Problem details — Take the data below and copy exactly the lines starting at the one with "Local, double filtered, raw" and finishing at the one with "Used labeller Newtec", both included.
BEGIN Records supplied
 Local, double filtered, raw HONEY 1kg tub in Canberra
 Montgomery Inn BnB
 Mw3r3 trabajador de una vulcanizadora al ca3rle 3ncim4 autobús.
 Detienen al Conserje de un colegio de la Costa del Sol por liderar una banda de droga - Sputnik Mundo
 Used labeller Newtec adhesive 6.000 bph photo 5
END Records supplied
BEGIN Records supplied
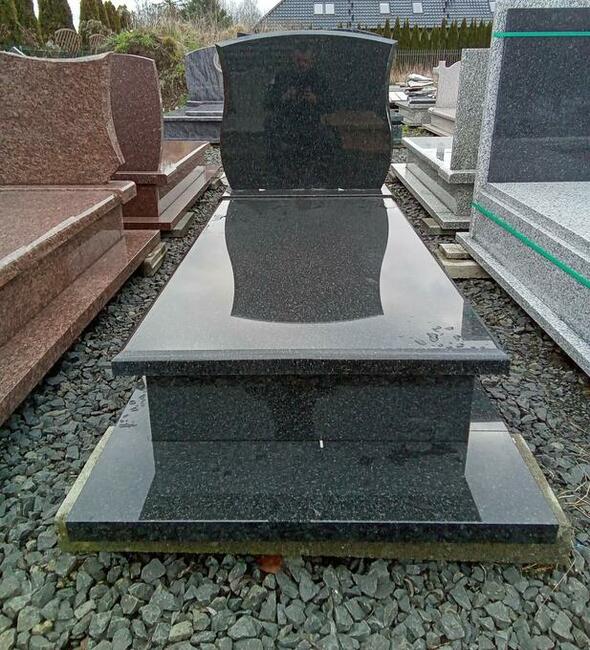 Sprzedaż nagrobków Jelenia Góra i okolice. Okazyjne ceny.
END Records supplied
Solution to this problem —
 Local, double filtered, raw HONEY 1kg tub in Canberra
 Montgomery Inn BnB
 Mw3r3 trabajador de una vulcanizadora al ca3rle 3ncim4 autobús.
 Detienen al Conserje de un colegio de la Costa del Sol por liderar una banda de droga - Sputnik Mundo
 Used labeller Newtec adhesive 6.000 bph photo 5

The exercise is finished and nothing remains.